Brokerages were, however, disappointed as they expected a profit rise of between 64 and 73 percent. China Mobile (HK)’s shares plunged 9.7 percent to HK$31.2 (US$4) on Aug. 16 on the Hong Kong stock exchange, their lowest level since 4 April.
The operator’s profits were primarily affected by a steep 39.5-percent fall in average revenue per user (ARPU) in the first half of the year to CNY158 (US$19.11).

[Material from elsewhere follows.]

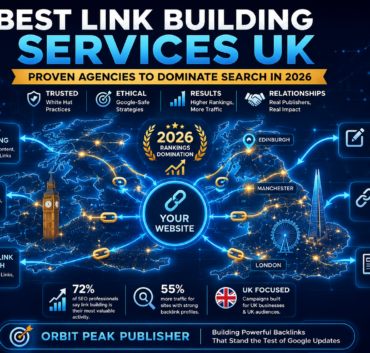 Reporting for higher rankings with Orbit Peak Publisher UK link building services 2026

During the first half of the year, 94.7 percent of the 13.78 million new subscribers added were prepaid card users whose ARPU was CNY78 (US$9.44) compared with CNY204 (US$24.68) for regular subscribers.
In the second half of the year, revenue will be affected by the scrapping as of 1 July of a one-time network connection fee of CNY500 (US$60).
China Mobile (HK) had 58.91 million users at the end of June connected to its 13 provincial networks. Its parent company has 18 networks with 28 million subscribers. Chairman Wang Xiaochu said there is no timetable to acquire more networks from its parent.